(Captioned web images)
--- --- ---
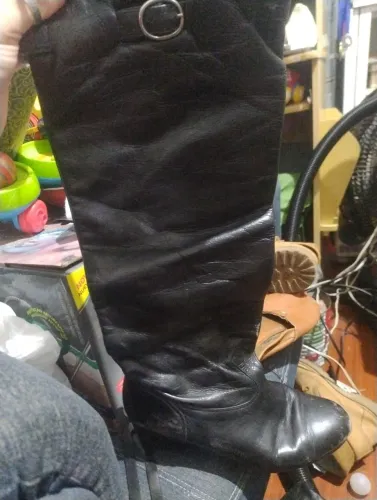 Bota de Couro Preta - Estilo Clássico
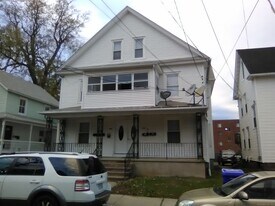138 Liberty St in Middletown, CT - Building Photo
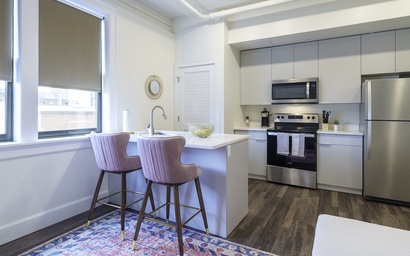 One Bedroom Apt Downtown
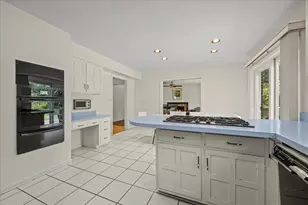 3906 Bordeaux Ct, Northbrook, IL 60062 - Photo 14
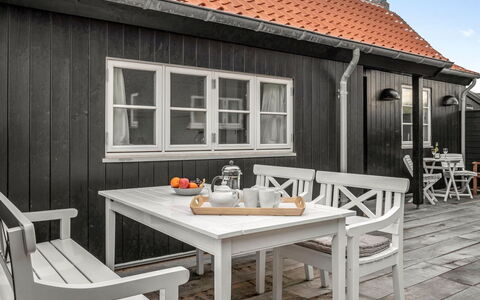 Armina - 75M from the Sea: Bois, Meubles, Table, Porte, Mobilier De Jardin, Sol, Domicile, Dur, Tableau De Plein Air, Planche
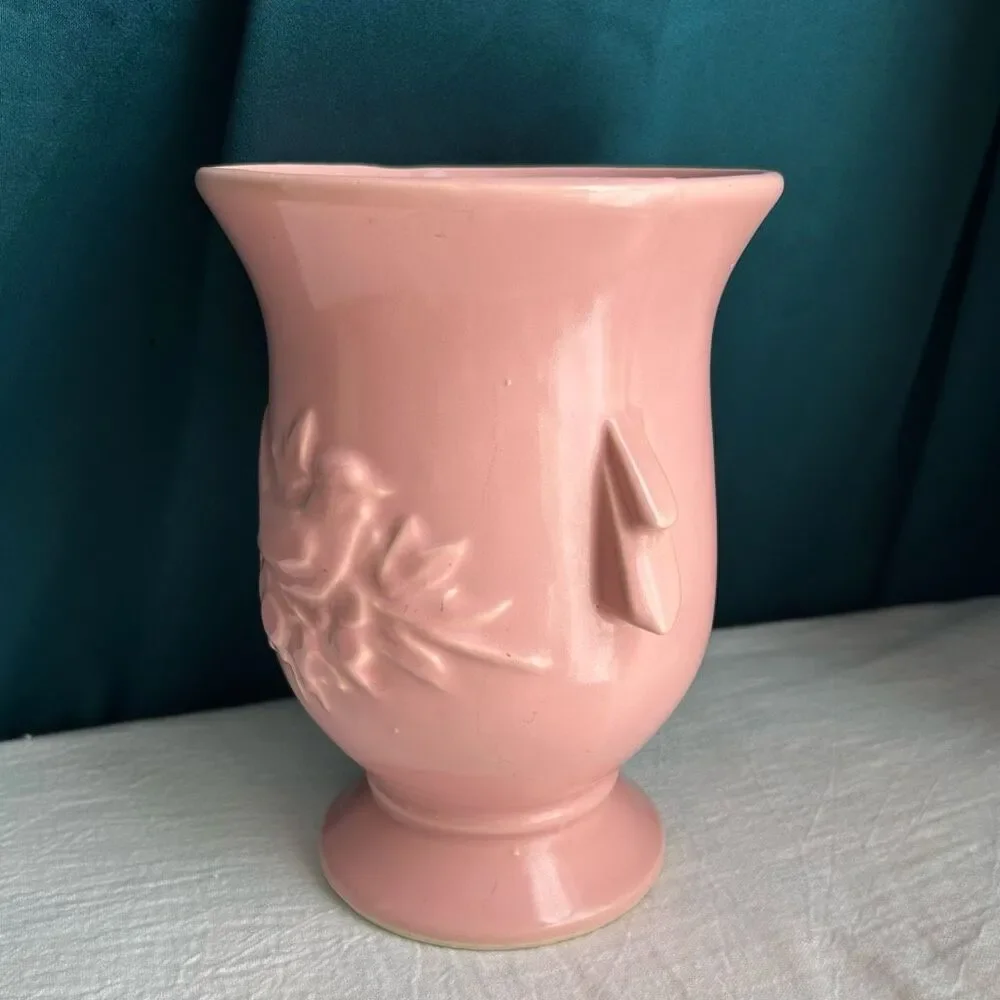 McCoy 40s Pink Cardinal Song Bird Holly Berry Large Vase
--- --- ---
WHAT YOU SHOULD DO.
Would you output the data above exactly as written, but with no images?

PROBLEM SOLUTION.
 Bota de Couro Preta - Estilo Clássico
138 Liberty St in Middletown, CT - Building Photo
 One Bedroom Apt Downtown
 3906 Bordeaux Ct, Northbrook, IL 60062 - Photo 14
 Armina - 75M from the Sea: Bois, Meubles, Table, Porte, Mobilier De Jardin, Sol, Domicile, Dur, Tableau De Plein Air, Planche
 McCoy 40s Pink Cardinal Song Bird Holly Berry Large Vase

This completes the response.